EXERCISE INSTRUCTIONS: Keep to one stretch of the data below, the lines from the one with "property entrance featuring" up to and including the one with "Performer wearing a", and return that stretch exactly.

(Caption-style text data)
BEGIN

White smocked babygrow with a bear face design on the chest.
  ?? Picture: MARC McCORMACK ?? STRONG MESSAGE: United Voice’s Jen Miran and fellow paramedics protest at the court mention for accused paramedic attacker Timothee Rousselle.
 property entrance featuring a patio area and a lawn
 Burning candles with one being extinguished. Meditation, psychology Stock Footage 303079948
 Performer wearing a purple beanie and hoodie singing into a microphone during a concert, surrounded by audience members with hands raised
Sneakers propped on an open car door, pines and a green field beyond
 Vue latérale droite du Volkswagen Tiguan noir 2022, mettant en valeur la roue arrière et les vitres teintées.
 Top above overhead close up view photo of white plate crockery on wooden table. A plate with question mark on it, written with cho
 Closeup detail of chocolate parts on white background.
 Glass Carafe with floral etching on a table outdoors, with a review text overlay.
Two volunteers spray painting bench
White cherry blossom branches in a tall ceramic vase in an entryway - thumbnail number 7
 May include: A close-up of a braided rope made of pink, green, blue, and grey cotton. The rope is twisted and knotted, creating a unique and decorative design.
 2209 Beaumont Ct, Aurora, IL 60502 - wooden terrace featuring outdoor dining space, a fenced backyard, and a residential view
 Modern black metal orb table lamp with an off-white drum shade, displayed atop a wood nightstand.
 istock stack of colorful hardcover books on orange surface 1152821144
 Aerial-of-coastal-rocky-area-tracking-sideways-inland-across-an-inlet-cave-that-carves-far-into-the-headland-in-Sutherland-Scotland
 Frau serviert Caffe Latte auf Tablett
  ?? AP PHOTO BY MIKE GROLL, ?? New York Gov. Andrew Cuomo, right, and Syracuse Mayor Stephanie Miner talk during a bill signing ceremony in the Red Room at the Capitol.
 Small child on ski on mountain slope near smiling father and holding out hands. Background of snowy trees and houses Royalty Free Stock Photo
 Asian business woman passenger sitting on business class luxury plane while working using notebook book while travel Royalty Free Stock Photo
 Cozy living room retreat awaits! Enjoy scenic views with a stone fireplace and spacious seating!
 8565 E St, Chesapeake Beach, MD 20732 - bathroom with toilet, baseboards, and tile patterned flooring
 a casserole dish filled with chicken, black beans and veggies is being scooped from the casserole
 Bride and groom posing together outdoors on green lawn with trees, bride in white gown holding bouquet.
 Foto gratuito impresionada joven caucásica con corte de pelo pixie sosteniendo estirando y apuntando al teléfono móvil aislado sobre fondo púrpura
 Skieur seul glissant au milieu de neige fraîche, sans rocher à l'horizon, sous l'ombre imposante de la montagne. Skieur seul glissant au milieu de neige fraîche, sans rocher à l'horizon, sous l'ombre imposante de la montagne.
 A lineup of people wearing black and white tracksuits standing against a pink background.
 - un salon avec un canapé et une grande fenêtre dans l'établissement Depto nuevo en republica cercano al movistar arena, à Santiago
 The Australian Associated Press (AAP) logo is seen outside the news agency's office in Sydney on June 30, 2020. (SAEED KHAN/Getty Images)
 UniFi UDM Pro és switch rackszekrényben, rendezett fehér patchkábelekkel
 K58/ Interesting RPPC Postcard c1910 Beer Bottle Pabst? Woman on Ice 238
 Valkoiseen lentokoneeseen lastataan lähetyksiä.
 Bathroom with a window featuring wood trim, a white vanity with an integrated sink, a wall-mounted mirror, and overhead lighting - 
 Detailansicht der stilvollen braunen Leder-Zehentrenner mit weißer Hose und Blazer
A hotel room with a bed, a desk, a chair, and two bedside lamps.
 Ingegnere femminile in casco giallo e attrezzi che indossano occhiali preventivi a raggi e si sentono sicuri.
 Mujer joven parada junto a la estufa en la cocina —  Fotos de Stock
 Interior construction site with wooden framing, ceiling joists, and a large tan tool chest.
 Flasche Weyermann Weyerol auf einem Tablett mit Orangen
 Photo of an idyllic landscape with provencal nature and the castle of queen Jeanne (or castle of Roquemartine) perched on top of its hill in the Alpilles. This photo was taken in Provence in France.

END

SOLUTION FOR THIS TASK:
 property entrance featuring a patio area and a lawn
 Burning candles with one being extinguished. Meditation, psychology Stock Footage 303079948
 Performer wearing a purple beanie and hoodie singing into a microphone during a concert, surrounded by audience members with hands raised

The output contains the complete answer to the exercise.